NEO Surveillance Mission similar
NEO Surveyor (Near Earth Object Surveyor) is a planned space-based telescope to search for near-Earth asteroids under development by NASA. The Jet Propulsion Laboratory will lead development of the mission under NASA’s planetary defense program.
After launch, NEO Surveyor will carry out a five-year baseline survey to find at least two-thirds of the near-Earth objects larger than 140 meters (460 feet). These are the objects large enough to cause major regional damage in the event of an Earth impact.
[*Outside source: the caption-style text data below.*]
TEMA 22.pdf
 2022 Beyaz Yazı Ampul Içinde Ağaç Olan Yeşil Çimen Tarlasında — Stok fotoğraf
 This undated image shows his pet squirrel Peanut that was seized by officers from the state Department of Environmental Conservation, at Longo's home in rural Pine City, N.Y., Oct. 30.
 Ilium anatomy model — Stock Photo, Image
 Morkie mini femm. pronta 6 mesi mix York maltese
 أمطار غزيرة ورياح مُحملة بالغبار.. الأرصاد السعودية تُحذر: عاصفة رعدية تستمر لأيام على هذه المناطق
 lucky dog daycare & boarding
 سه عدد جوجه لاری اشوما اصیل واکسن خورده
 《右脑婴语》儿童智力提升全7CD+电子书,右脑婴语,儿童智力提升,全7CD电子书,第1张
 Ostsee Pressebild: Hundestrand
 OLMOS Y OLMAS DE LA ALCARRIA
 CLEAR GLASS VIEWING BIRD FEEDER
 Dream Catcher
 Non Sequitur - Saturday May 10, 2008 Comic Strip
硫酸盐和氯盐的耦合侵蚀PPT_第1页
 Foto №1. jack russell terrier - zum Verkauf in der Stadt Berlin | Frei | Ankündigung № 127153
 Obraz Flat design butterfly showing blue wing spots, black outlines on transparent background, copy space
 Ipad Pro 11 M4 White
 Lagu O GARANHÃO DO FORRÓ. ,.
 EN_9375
By using two heat-sensitive infrared imaging channels, NEO Surveyor can make accurate measurements of NEO sizes and gain valuable information about their composition, shapes, rotational states, and orbits. In five years of survey operation, NEO Surveyor is designed to make significant progress toward meeting the U.S. Congress's mandate to NASA to find more than 90 percent of all NEOs larger than 140 meters in diameter. The >90% number is a mission goal to be achieved in 10-12 years.
NEO Surveillance Mission is based on the NEOCam mission that was a finalist in the previous competition for Discovery-class planetary science missions.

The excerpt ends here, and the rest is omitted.